A honra, o grito e a humilhação

Domingos Sávio Calixto 

Quando o Brasil foi invadido e tomado pelos portugueses em abril de 1500 não havia códigos em vigor, mas “ordenações” do Reino. Ordenações eram conjuntos de normas diversas, reunidas e compiladas formando um grande corpo de leis que recebiam o apelido do monarca que as determinava. O Brasil se submeteu a três ordenações sucessivamente: Afonsinas, Manuelinas e Filipinas, sendo que estas últimas vigoraram no país até 1917, ou seja, quase um século após a independência.

Ora, conforme as ordenações, quando uma mulher fosse tomada para o sexo mediante violência (não se falava em estupro), deveria ela proceder da seguinte maneira, segundo a lei: 

Se alguma mulher forçarem em povoado, que deva fazer querela em esta guisa, dando grandes vozes, e dizendo, VEDES QUE ME FAZEM, indo por três ruas; e se o assim o fizer, a querela seja valedoura: e deve nomear o que a forçou por seu nome”.

Isto significa que a mulher violentada deveria imediatamente passar por três ruas gritando e tornando público que havia sido vítima do abuso, inclusive citando nominalmente o autor, não importando quão lesada estivesse. O grito em público era uma exigência – interferência religiosa ‒ não só para o flagrante como também para não prejudicar a honra dos “bons homens” com uma eventual dissimulação feminina (...).

Pois bem. Atualmente há uma (outra) norma que guarda evidentes semelhanças com o procedimento daquela época. Trata-se da Portaria 2.282, de 27 de Agosto de 2020 do Ministério da Saúde que dispõe sobre o “Procedimento de Justificação e Autorização da Interrupção da Gravidez” nos casos de estupro.

(É sabido que a lei brasileira autoriza o aborto praticado por médico em casos de estupro. Trata-se de um direito subjetivo da vítima. Entretanto, em pleno século XXI, a estuprada que resultar grávida terá que dar outros gritos em “quatro ruas” para fazer valer o direito que a lei lhe confere.)

A diferença é que a tal portaria substitui os gritos nas três ruas por quatro imposições faseológicas, ou seja, a vítima terá que passar por quatro fases – vias constrangedoras ‒ desde sua chegada ao hospital até o efetivo procedimento de interrupção da gravidez violenta.

Assim que a vítima chega à unidade médica ou hospitalar se faz obrigatória a notificação à autoridade policial, sendo que os profissionais da área da saúde deverão preservar as possíveis evidências do crime de estupro, tal qual uma unidade policial e todas as fases do procedimento deverão ser registradas no formato de “termos”, praticamente nos moldes de um inquérito policial. 

Assim, na primeira rua, ou melhor, na primeira fase haverá um relato circunstanciado do evento realizado pela gestante perante duas testemunhas (profissionais de saúde em serviço).

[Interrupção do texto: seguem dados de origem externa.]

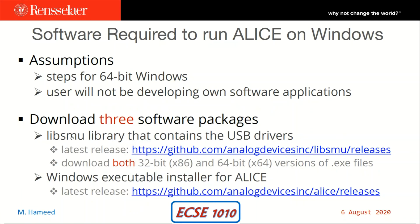The first two software packages are LibSMU libraries that contain the USB drivers for the M1K board. We are going to grab both the 32-bit (x86) version and the 64-bit version of the exe files from the GitHub repository.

A segunda fase se dará com uma série detalhada de exames médicos, desde ginecológicos até ultrassonográficos para emissão do “Termo de Aprovação de Procedimento de Gravidez”, assinada por uma equipe especializada, no qual conterá minucioso parecer técnico.

A terceira fase corresponderá ao “Termo de Responsabilidade” assinado pela vítima, a qual será admoestada com uma série de advertências sobre crimes de falsidade. Finalmente o quarto grito, ou melhor, a quarta fase é aquela na qual a vítima terá que assinar mais um documento, o “Termo de Consentimento Livre e Esclarecido”, permitindo o procedimento, não sem antes ter sido levada ao sofrimento de ter visualizado o feto ou embrião por meio de ultrassonografia.

Enfim, um ritual humilhante com o claro propósito de fazer a vítima desistir do seu próprio direito. Claro que se trata de uma interferência religiosa na dignidade da vítima e não é difícil deduzir de qual dos atuais ministérios saiu o “lobby” para que tal barbaridade fosse editada. Atualmente e bem como na época das ordenações, o estupro é o que menos importa.